§ The task
In the records below, find the line with "A person with" and repeat exactly every line from it through the line with "Các tay súng". Pictures stay out.

§ Dataset entries
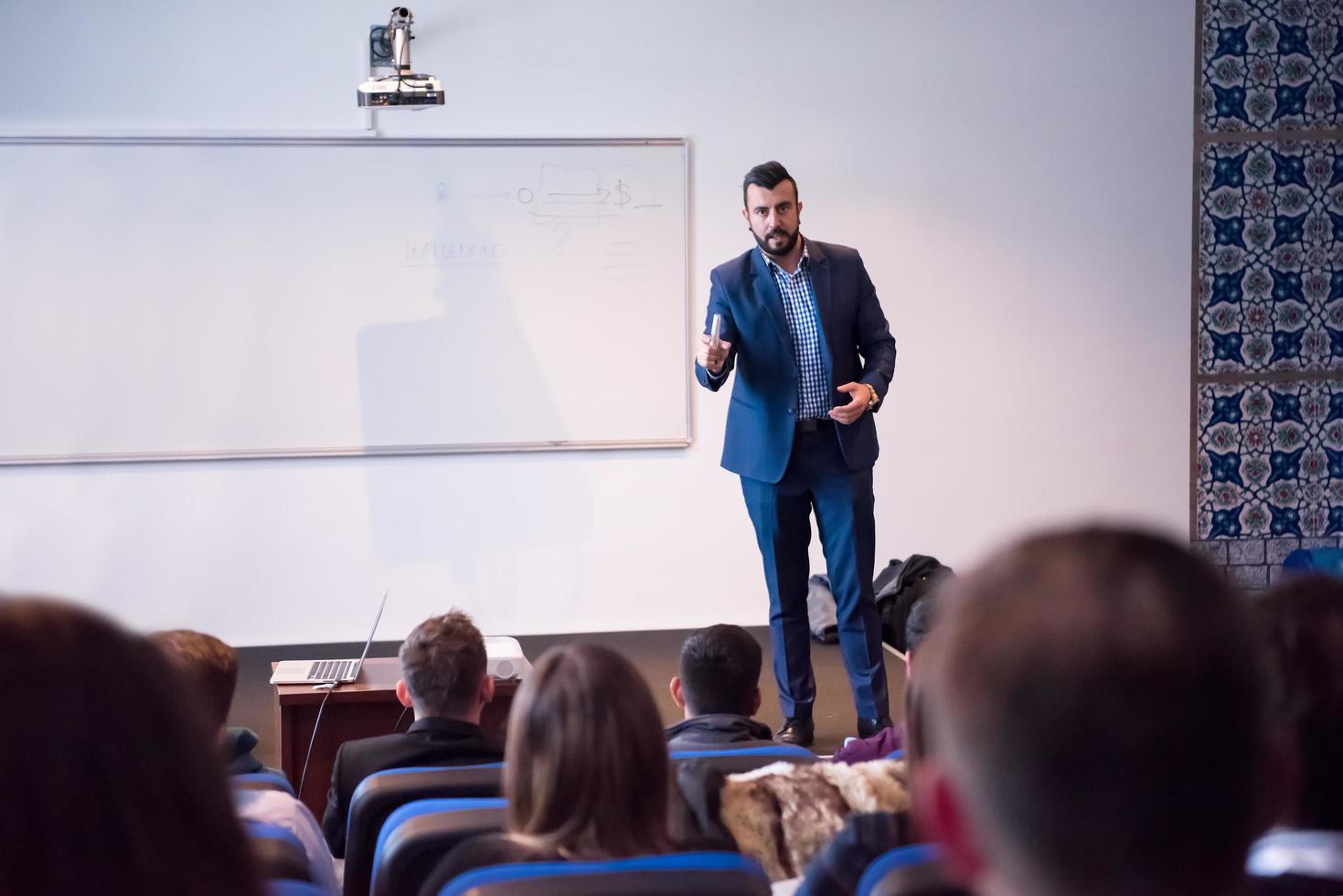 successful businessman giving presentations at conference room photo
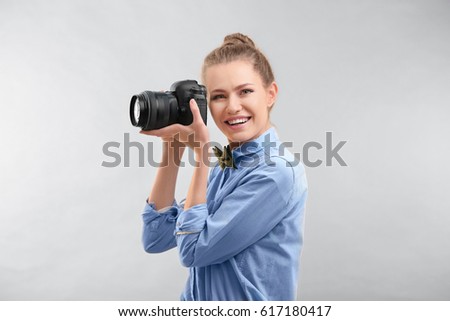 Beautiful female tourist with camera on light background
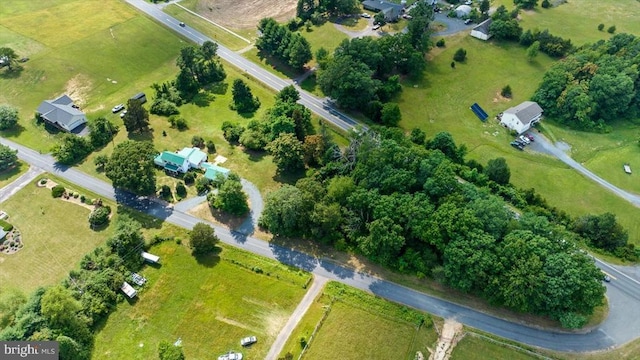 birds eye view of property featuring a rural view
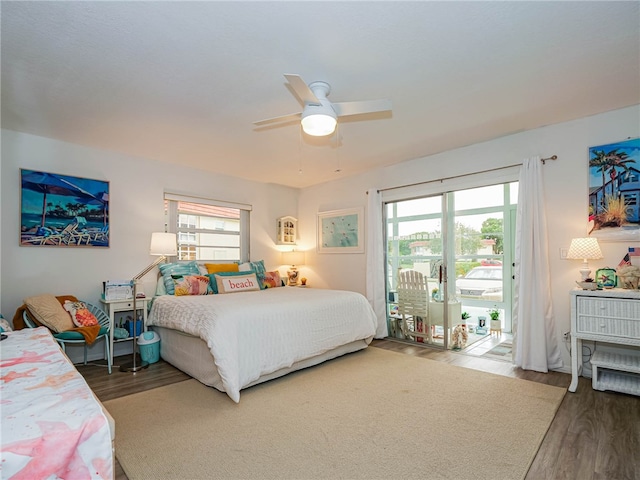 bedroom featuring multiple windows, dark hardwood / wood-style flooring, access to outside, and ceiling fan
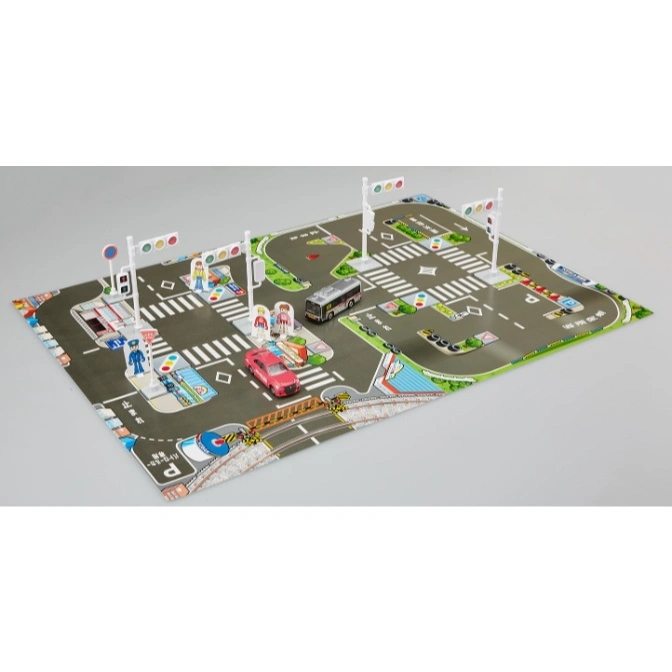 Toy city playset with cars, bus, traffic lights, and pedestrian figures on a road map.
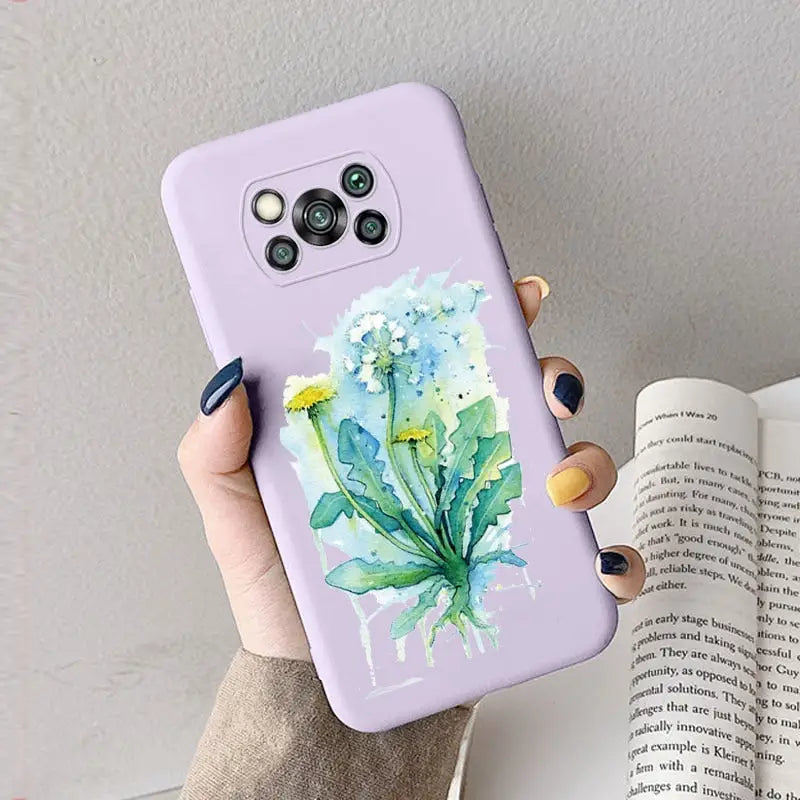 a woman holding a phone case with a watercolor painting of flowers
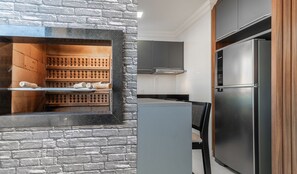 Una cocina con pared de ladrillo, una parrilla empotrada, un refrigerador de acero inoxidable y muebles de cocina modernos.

==

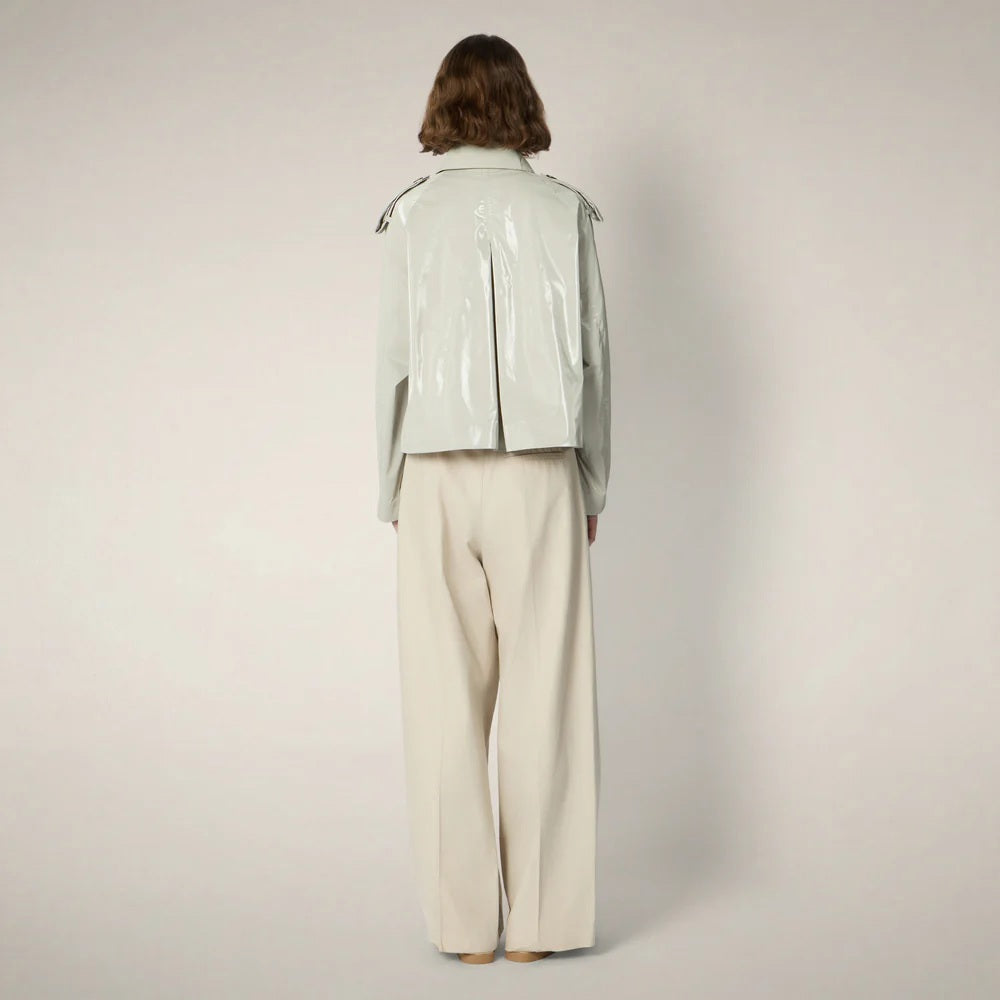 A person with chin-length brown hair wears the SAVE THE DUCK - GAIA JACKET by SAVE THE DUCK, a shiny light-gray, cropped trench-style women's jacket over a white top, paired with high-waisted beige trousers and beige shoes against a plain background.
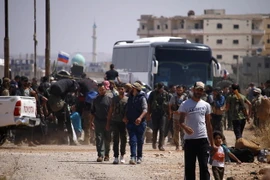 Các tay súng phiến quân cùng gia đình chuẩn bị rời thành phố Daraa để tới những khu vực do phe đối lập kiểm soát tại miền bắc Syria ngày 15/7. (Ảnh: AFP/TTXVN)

§ Response to this task
 A person with chin-length brown hair wears the SAVE THE DUCK - GAIA JACKET by SAVE THE DUCK, a shiny light-gray, cropped trench-style women's jacket over a white top, paired with high-waisted beige trousers and beige shoes against a plain background.
 Các tay súng phiến quân cùng gia đình chuẩn bị rời thành phố Daraa để tới những khu vực do phe đối lập kiểm soát tại miền bắc Syria ngày 15/7. (Ảnh: AFP/TTXVN)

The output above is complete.